The second thing he is saying is that the way you live demonstrates and determines who your master really is. “You are slaves to the one you obey” he says in verse 16. If you’ve really given yourself to Jesus Christ, if you have really surrendered your heart to him then you’re heart’s desire and you’re life’s commitment will be to please him first and in pleasing him. Jesus said “If you love me you will obey my commands.“ Those who love Jesus will live lives characterized by obedience to his commands, not because they are afraid of condemnation, but because they love to do his will. They’ve given themselves so completely to Christ, that what he wants they want. This is not saying they never sin but it is saying that what they want, what brings them joy is living in accordance with the will and law of Christ because they have become his. Likewise, those who have not made this commitment will find obedience to be a burden and a chore. They will want to live in accordance with their master, who is as Paul says, “Sin.”

But can you really love obedience? Think about it this way. When I was a kid I would get in trouble a lot, most of it was just the normal kid stuff, but on rare occasions I would do something that would really cross the line. Sometimes my dad would paddle me, but worst of all were those two or three times he looked me in the eye and said, “Son I’m so disappointed in you.” I love my dad and even though I like to have fun and do things I wasn’t supposed to like every other kid, I never wanted to see that look on my dad’s face. I wanted to please him because he was my dad and I was his son.

In the same way, if you’re a child of your Father in heaven, if you’ve become his doulos, then you will seek to live your life to please him and this means that you’ll give yourself over to a life of obedience; not that you won’t sin, but your heart won’t be ruled by sin and when you sin you‘ll begin to hate it because you have a new master, a new Father, a new home, a new heart ruled by a love for God that makes you not want to do what you used to do.

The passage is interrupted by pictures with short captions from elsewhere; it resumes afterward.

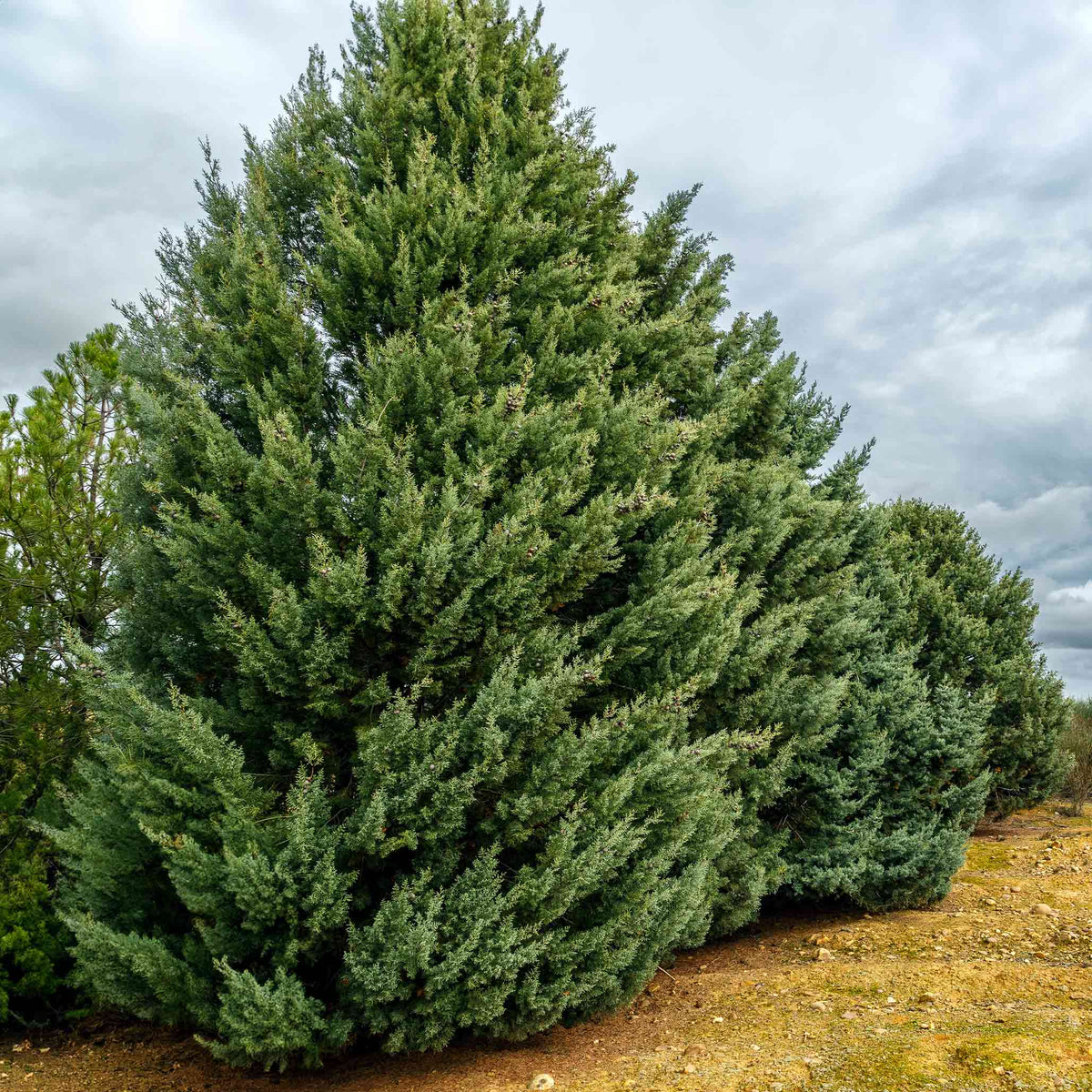 files/Cupressus-arizonica-carolina-saphire-1.jpg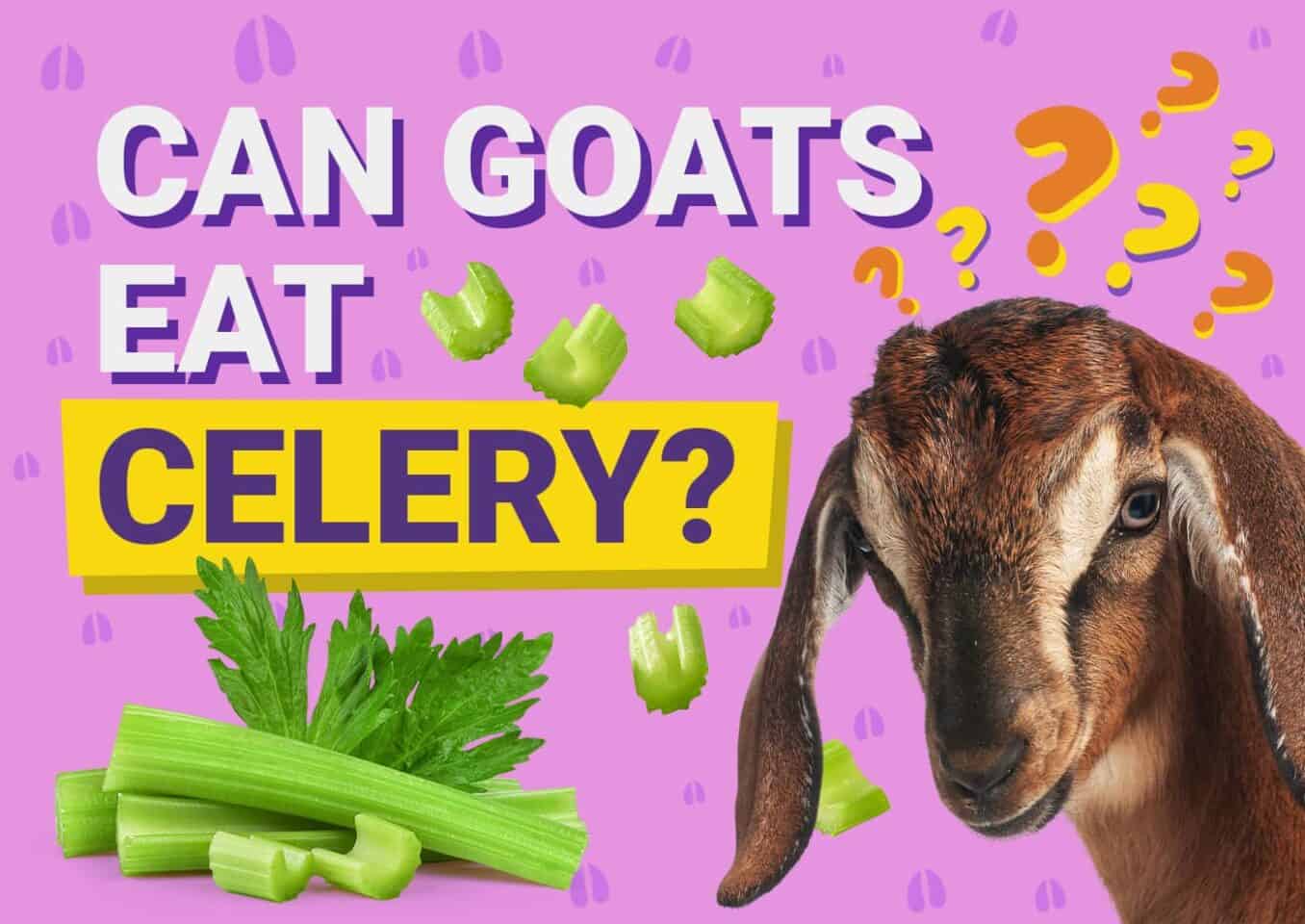 PetKeen_Can Goats Eat_celery
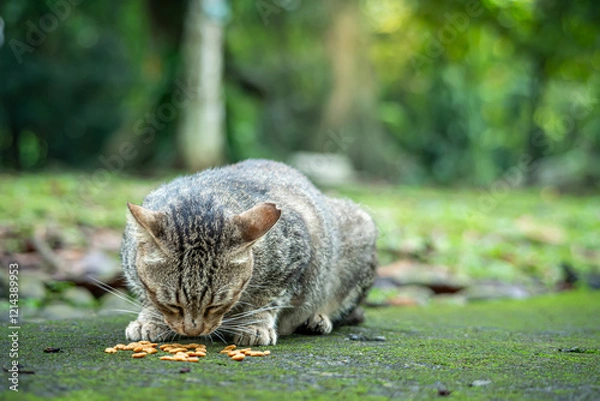 Fototapeta A heavily pregnant female tabby cat, eating dry foods given by visitors at a botanical park in Bogor City, West Java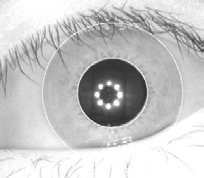Kwalitas citra input sangat mempengaruhi hasil identifikasi lokasi iris mata dimana semakin baik kwalitas citra input semakin akurat hasil identifikasi iris mata.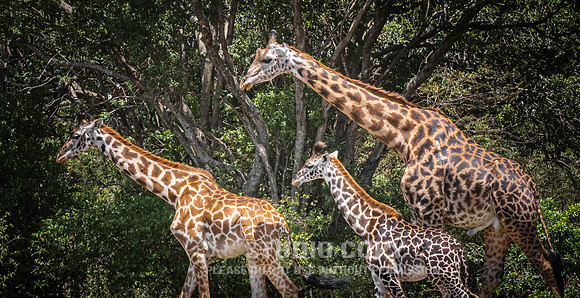 CDR_09282019_Tanzania_1548_giraffe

What’s to stop someone from just saying the right words, asking Jesus into their lives to avoid hell and then just living the way they want to live. Well, if you really have given yourself to him then that commitment of the heart will be made manifest in a changed life. Your desire will be to please him and in pleasing him you’ll find your joy. Someone who just says the right word’s and believes the right facts but feels no desire to change, no joy in obedience, no pain at their own sinfulness, really has not committed themselves at all.

Salvation is a free gift that is accepted by faith. It is by grace that we are saved and not by works and there is nothing we can do to earn our way in. But while the gift is not earned, while your works, good or bad, don’t determine whether or not you’re saved, the character of your life, the way you live, your attitude toward God and toward sin makes manifest, demonstrates whose servant you really are. If you have really given yourself to Jesus Christ, the character, the direction, your way of life will have changed. You will have been given over to obedience.